> **THE DATA**
=== Section Start ===
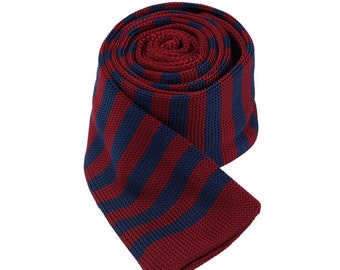 Striped Knit Tie.Mens Knitted Necktie.SKinny Tie,Wedding Tie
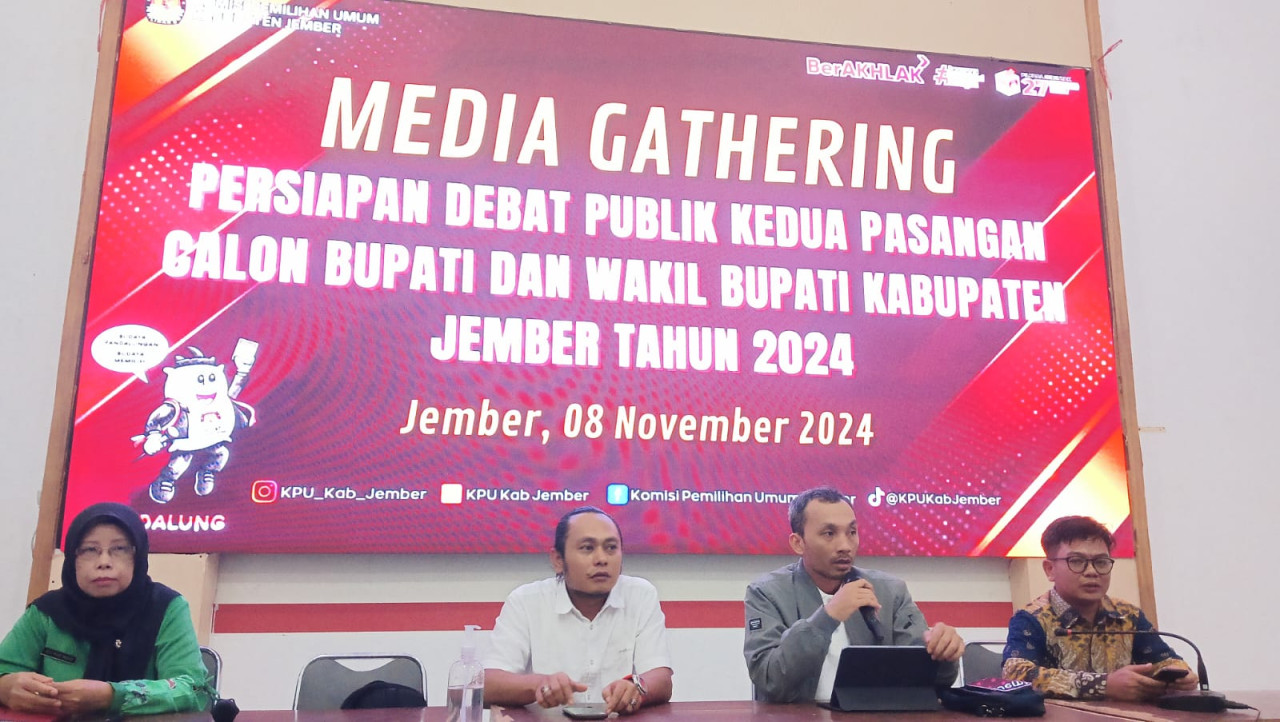 KPU Jember gelar gathering media menjelang debat kedua pilkada Jember. (Foto: Sugianto/jatimnow.com)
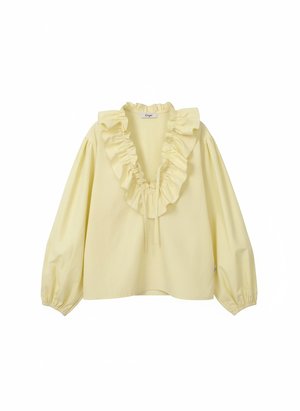 Pale Yellow Ruffled V-Neck Blouse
=== Section End ===
> **WHAT IS BEING ASKED**
Give the data again exactly. Keep the images out.

> **EXERCISE OUTPUT**
 Striped Knit Tie.Mens Knitted Necktie.SKinny Tie,Wedding Tie
 KPU Jember gelar gathering media menjelang debat kedua pilkada Jember. (Foto: Sugianto/jatimnow.com)
 Pale Yellow Ruffled V-Neck Blouse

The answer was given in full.